The lines from the one containing "enginepull.jpg" through the end of the entries are what to output; reproduce them exactly and add nothing.
[Opening EXTRACTED ENTRIES section]
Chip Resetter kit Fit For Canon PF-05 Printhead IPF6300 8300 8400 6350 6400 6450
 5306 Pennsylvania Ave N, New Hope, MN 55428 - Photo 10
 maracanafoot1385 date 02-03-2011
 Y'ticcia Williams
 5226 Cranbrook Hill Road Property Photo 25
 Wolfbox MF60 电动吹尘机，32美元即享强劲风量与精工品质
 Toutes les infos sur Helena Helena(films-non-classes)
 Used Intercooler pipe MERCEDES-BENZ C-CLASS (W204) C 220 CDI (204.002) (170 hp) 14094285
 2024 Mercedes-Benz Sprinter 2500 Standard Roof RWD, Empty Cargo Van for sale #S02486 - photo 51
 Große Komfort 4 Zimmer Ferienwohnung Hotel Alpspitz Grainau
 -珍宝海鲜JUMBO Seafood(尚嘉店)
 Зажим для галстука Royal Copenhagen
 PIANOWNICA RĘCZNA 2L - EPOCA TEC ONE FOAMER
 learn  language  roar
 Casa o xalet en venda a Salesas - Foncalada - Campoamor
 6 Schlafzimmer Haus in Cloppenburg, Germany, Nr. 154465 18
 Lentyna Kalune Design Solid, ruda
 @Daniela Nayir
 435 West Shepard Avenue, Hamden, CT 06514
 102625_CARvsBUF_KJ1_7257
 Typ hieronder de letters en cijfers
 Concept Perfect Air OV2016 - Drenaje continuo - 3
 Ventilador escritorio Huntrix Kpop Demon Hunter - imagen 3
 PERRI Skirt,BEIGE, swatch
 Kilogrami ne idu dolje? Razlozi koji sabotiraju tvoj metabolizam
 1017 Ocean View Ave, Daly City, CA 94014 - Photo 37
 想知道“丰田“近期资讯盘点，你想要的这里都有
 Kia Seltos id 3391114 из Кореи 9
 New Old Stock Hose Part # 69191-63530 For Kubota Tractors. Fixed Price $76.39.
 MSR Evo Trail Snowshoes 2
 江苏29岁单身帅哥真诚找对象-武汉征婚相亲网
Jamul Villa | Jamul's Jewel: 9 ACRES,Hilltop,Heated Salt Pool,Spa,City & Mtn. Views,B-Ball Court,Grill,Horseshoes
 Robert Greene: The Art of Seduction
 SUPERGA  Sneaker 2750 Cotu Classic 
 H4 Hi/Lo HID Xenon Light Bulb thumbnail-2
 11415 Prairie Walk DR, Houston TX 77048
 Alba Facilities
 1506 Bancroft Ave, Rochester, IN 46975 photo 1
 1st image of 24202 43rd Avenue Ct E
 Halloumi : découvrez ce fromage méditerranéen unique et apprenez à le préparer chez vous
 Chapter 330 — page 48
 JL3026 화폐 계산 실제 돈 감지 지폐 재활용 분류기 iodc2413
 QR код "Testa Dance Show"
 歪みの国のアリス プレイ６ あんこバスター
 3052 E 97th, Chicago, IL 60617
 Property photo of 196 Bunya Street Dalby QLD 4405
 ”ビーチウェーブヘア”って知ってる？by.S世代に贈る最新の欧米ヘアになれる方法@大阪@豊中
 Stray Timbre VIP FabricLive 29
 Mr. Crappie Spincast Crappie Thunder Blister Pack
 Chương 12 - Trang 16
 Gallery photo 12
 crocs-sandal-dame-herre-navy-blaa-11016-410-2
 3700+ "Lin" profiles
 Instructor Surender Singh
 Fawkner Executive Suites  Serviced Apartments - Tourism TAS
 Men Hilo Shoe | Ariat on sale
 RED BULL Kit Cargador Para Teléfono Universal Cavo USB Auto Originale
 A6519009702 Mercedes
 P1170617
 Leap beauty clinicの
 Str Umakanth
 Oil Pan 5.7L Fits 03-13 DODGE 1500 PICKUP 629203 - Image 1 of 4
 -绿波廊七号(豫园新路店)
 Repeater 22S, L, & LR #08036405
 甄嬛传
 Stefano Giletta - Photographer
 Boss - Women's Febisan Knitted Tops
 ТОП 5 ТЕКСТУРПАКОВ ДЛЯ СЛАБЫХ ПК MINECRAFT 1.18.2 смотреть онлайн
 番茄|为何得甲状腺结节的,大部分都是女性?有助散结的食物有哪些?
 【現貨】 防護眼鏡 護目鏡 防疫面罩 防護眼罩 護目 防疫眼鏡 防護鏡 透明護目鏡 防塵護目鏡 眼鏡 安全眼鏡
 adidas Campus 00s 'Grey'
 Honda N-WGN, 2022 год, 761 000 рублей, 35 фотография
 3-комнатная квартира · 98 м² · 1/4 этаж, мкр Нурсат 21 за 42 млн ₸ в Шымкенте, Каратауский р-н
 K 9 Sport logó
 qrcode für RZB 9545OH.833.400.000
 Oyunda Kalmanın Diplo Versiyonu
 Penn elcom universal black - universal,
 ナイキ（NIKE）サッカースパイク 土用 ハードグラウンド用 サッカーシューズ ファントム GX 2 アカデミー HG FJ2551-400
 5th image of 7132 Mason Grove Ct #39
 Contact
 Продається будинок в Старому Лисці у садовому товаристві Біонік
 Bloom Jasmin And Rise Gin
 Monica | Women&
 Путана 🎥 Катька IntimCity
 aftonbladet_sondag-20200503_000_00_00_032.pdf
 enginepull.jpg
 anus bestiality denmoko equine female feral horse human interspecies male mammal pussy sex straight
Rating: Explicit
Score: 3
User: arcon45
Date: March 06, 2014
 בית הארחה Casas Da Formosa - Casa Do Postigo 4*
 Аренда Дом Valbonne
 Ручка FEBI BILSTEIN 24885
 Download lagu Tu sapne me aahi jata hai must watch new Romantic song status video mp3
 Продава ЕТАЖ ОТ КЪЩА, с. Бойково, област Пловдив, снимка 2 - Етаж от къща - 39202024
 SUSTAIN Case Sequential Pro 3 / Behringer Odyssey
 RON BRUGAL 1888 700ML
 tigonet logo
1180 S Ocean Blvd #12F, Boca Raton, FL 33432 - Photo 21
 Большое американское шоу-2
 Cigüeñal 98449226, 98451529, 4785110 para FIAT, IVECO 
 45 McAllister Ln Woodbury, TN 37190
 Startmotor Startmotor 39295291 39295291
[Closing EXTRACTED ENTRIES section]
ANSWER SPACE:
 enginepull.jpg
 anus bestiality denmoko equine female feral horse human interspecies male mammal pussy sex straight
Rating: Explicit
Score: 3
User: arcon45
Date: March 06, 2014
 בית הארחה Casas Da Formosa - Casa Do Postigo 4*
 Аренда Дом Valbonne
 Ручка FEBI BILSTEIN 24885
 Download lagu Tu sapne me aahi jata hai must watch new Romantic song status video mp3
 Продава ЕТАЖ ОТ КЪЩА, с. Бойково, област Пловдив, снимка 2 - Етаж от къща - 39202024
 SUSTAIN Case Sequential Pro 3 / Behringer Odyssey
 RON BRUGAL 1888 700ML
 tigonet logo
1180 S Ocean Blvd #12F, Boca Raton, FL 33432 - Photo 21
 Большое американское шоу-2
 Cigüeñal 98449226, 98451529, 4785110 para FIAT, IVECO 
 45 McAllister Ln Woodbury, TN 37190
 Startmotor Startmotor 39295291 39295291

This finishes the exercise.